Ayesha Rashed eid Obaid (29) and Fatima Rasheed eid Obaid (26), who had been separated from their mother Nazia Begum (60), had come to India looking for her.

Earlier this week, on Tuesday, the Deputy Commissioner’s office at Purani Haveli was a sight of tight embraces and happy tears.

The Hyderabad City Police had reunited Ayesha and Fatima with their mother; months of effort they had put into tracing Nazia had finally bore fruit.

In January, the two sisters approached V Satyanarayana, IPS, Deputy Commissioner of Police (south zone) Hyderabad city, with a photograph of Nazia and a request to look for her.

Nazia, who hails from Santoshnagar in the city, was married to a UAE national Rasheed Eid Obaid Rifaq Masmari in the 1980s. 

After a few years of marriage, she moved to the United Arab Emirates to live with her husband. Rasheed however already had another wife there and Nazia had to face several problems after she moved in with them. 

She however lived there for around four years and gave birth to their two daughters, after which Rasheed arbitrarily divorced her and forced her to return to India. If that was not enough, he also took away her daughters from her. 

Nazia and her family could not do much then since they were neither educated, nor were they affluent. After two years, Nazia was married to a fruit vendor from Bidar in Karnataka, with whom she has two sons and a daughter. 

Hyderabad Police/Twitter

On receiving the request, the police instantly got to work. Pamphlets and posters were circulated across the south zone, the media was requested to air the plight of Ayesha and Fatima, and K Babu Rao, Addl. DCP., South Zone also met old qazis and shadi khanas’ with available material looking for clues.

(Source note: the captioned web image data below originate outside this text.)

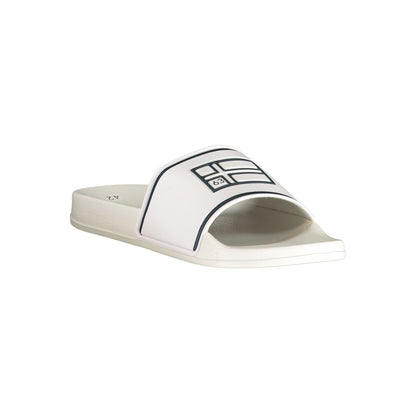 Norway 1963 White Polyurethane Men's Slipper
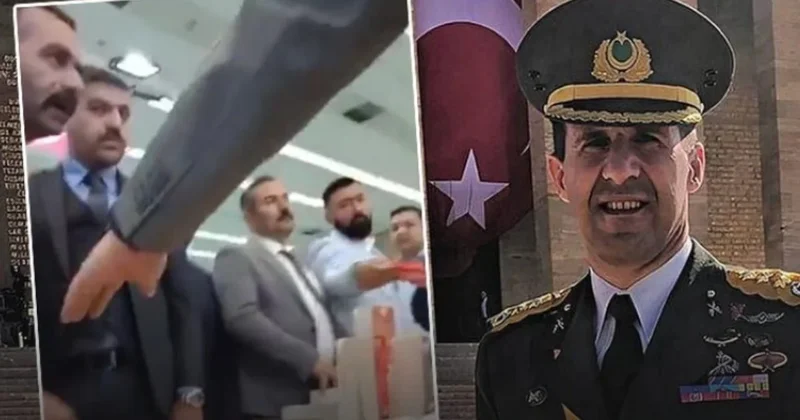 Ankara nın göbeğinde şoke eden görüntü: Seni açık açık tehdit ediyoruz Sözcü Gazetesi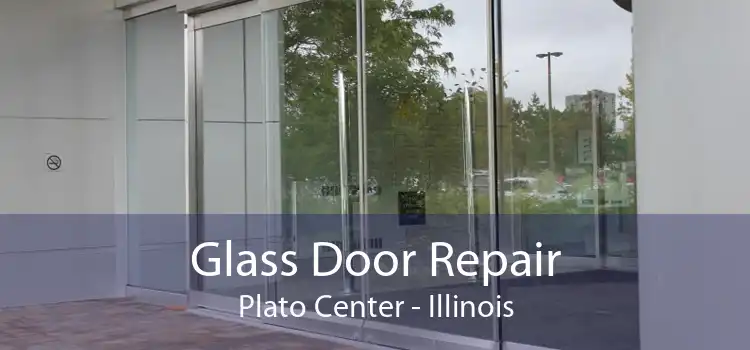 Glass Door Repair Plato Center - Illinois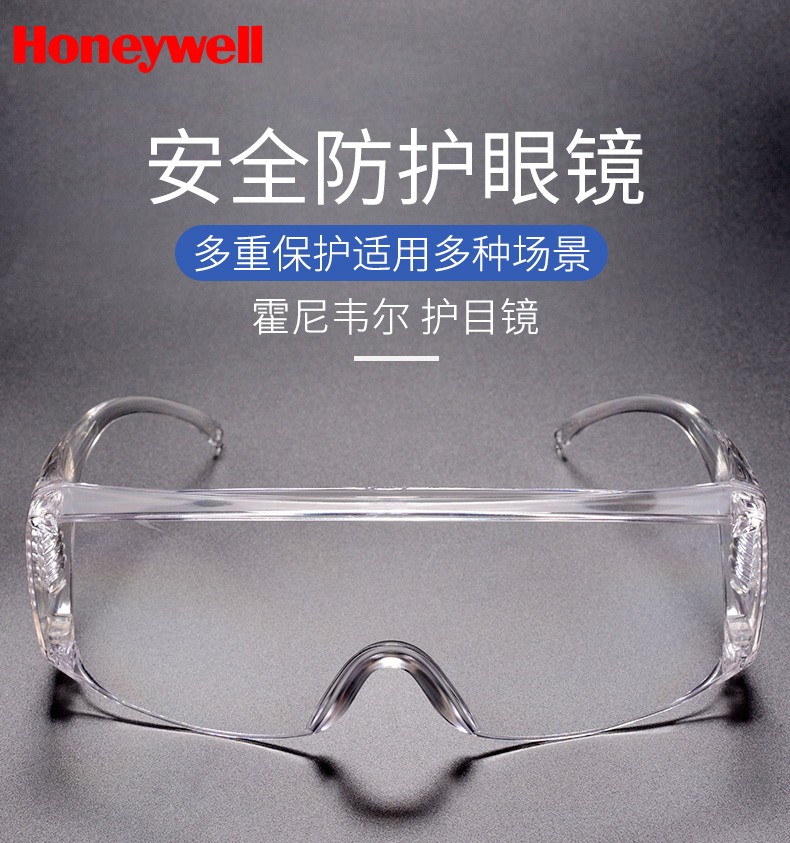 HONEYWELL/霍尼韦尔 100001 VisiOTG-A 透明镜片 访客眼镜 HONEYWELL/霍尼韦尔 100001 VisiOTG-A 透明镜片 访客眼镜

They hit upon a small lead, and two special teams were deputed to locate Nazia. Their hard-work of six months was successful on Thursday last when they finally found her.

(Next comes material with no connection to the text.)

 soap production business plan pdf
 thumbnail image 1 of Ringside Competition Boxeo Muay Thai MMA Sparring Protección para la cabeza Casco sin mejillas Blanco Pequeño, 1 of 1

According to the police, Nazia had thin memories of her daughters as she had seen them nearly three decades ago. All she could remember was that her younger daughter had six fingers. The cops cross checked the identity mark and once that was confirmed, a meeting was arranged this week.

On Tuesday evening Ayesha, her husband, their 10-year-old son and Fatima arrived at the Deputy Commissioner's office. As the sisters' eyes fell on the ordinarily dressed elderly woman in the room, years of pent up emotions broke free in that moment.

The women embraced each other for about ten minutes as tears rolled down their eyes.  

“We never thought we would meet our mother in our lifetime. Allah had fixed the meeting and we are glad that we got to see our mother after 28 long years,” Ayesha and Fatima said.

Speaking to The News Minute, K Babu Rao said, “I feel its more about humanity. Seeing them happy, we felt double happy. I cannot forget the moment when the mother and her daughters met after nearly 30 years."